[[ THE DATA, beginning ]]

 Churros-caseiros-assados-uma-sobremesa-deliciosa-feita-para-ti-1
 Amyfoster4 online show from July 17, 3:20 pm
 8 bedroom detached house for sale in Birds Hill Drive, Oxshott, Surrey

[[ THE DATA, end ]]

PROMPT. Give the data back in full, exactly as written.

ANSWER SPACE.
 Churros-caseiros-assados-uma-sobremesa-deliciosa-feita-para-ti-1
 Amyfoster4 online show from July 17, 3:20 pm
 8 bedroom detached house for sale in Birds Hill Drive, Oxshott, Surrey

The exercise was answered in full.